**Exercise**. Exactly repeat all the records below, omitting the images they hold.

Extracted data entries

┌──

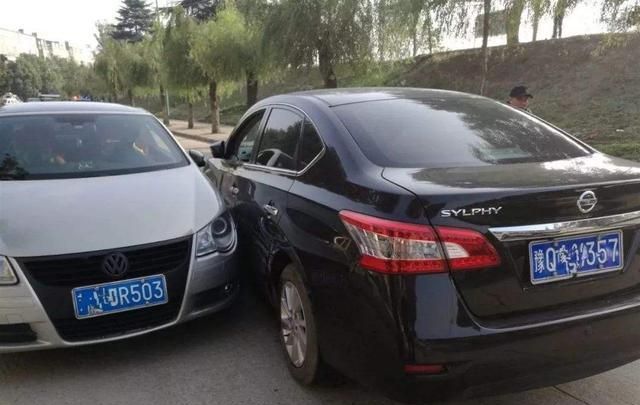 路边停车被撞坏,是先报警还是先叫保险?顺序出错,一分都不赔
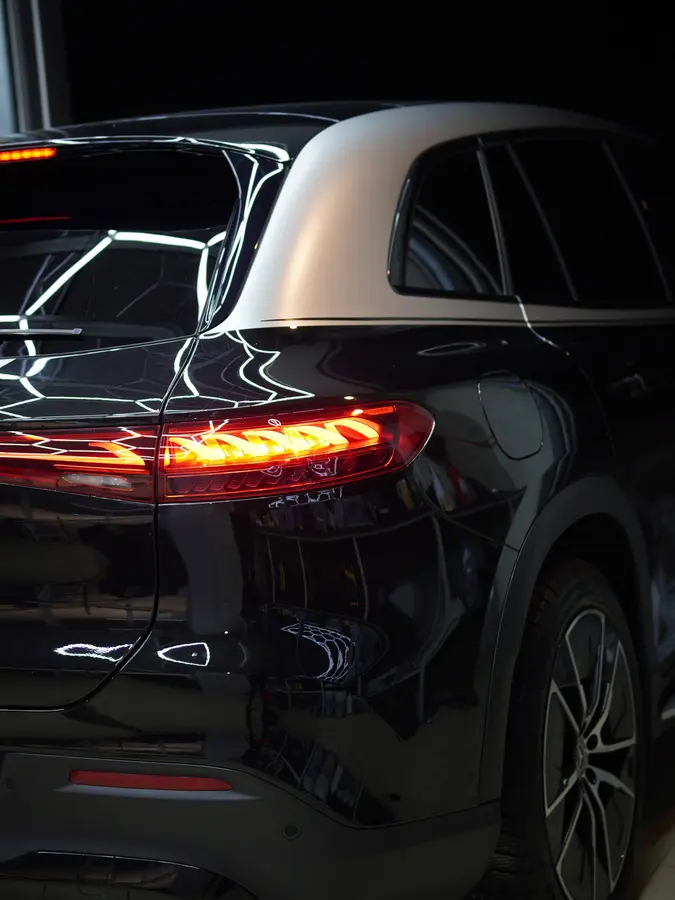Keraminės dangos blizgesys ant automobilio kėbulo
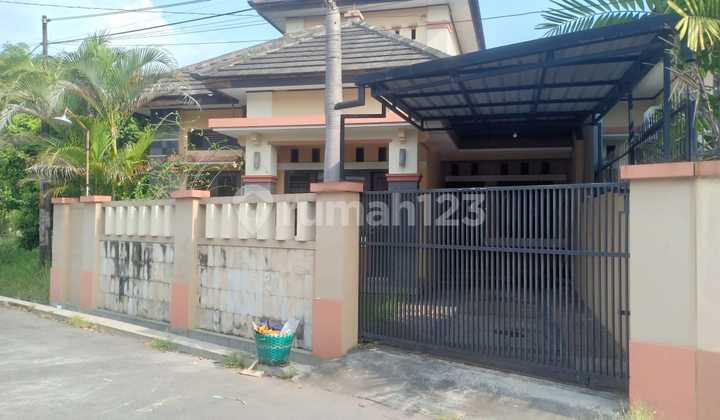 Nice House Ready to Live In a Housing Complex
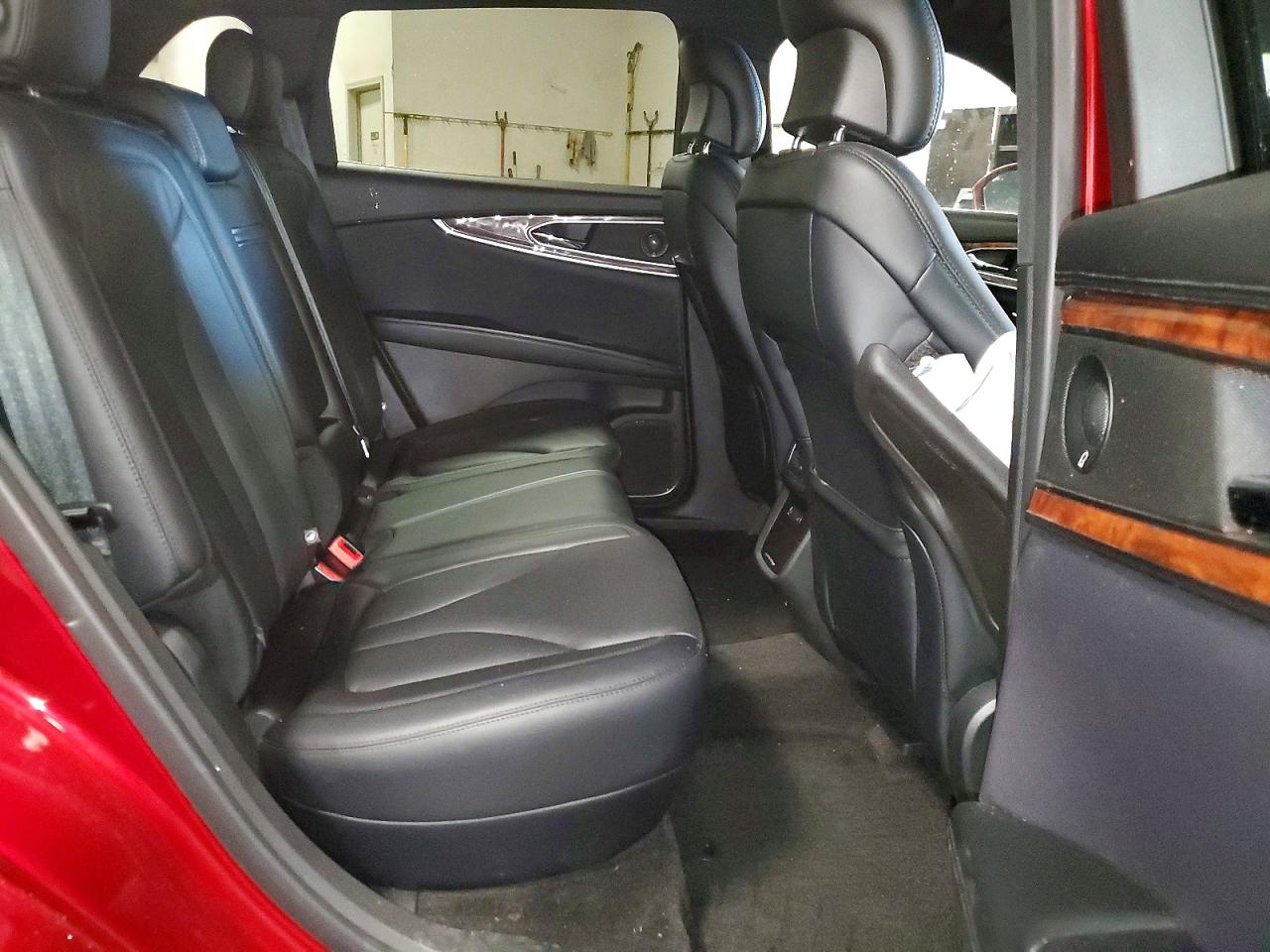 2017 LINCOLN MKX
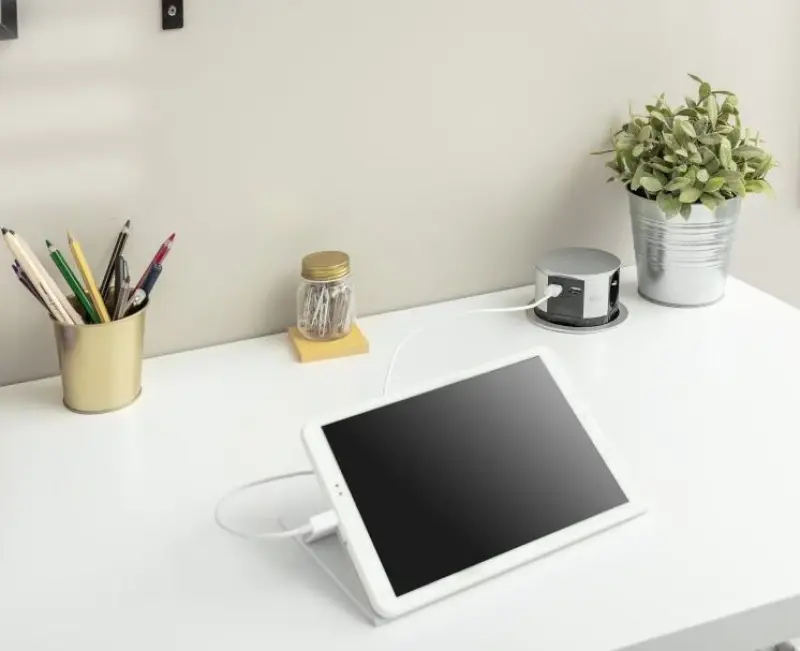 Indux Push retractable earthed silver kitchen socket for worktop with 3 outlets and 2 x USB 1208957411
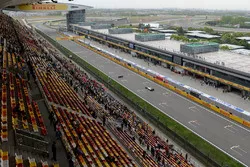 Overview of the starting grid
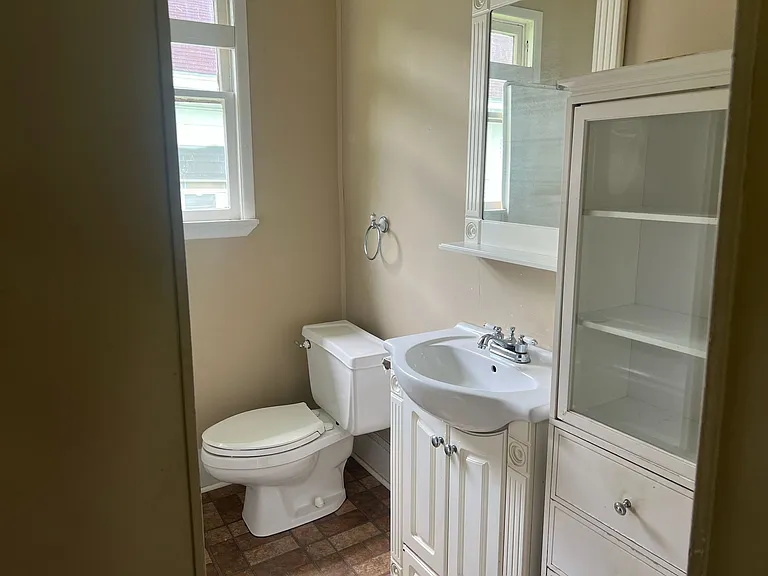 285 Adams St — Photo 8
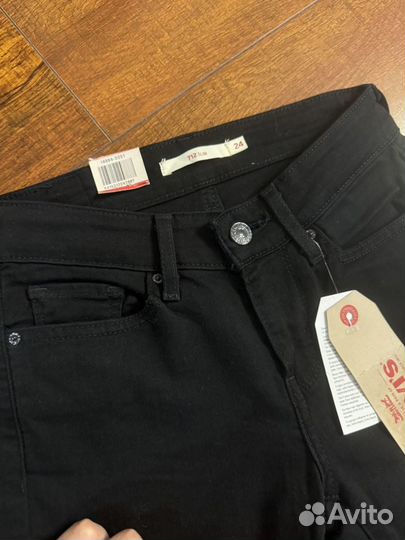 Джинсы levis 712 slim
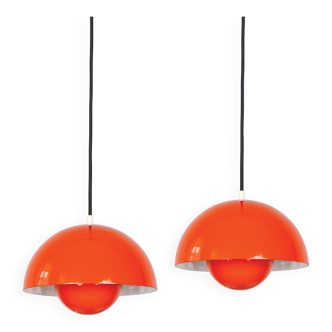 Pair of 2 vintage pendant lamps Flowerpot by Verner Panton, Louis Poulsen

└──

**Expected answer**.
 路边停车被撞坏,是先报警还是先叫保险?顺序出错,一分都不赔
Keraminės dangos blizgesys ant automobilio kėbulo
 Nice House Ready to Live In a Housing Complex
 2017 LINCOLN MKX
 Indux Push retractable earthed silver kitchen socket for worktop with 3 outlets and 2 x USB 1208957411
 Overview of the starting grid
 285 Adams St — Photo 8
 Джинсы levis 712 slim
 Pair of 2 vintage pendant lamps Flowerpot by Verner Panton, Louis Poulsen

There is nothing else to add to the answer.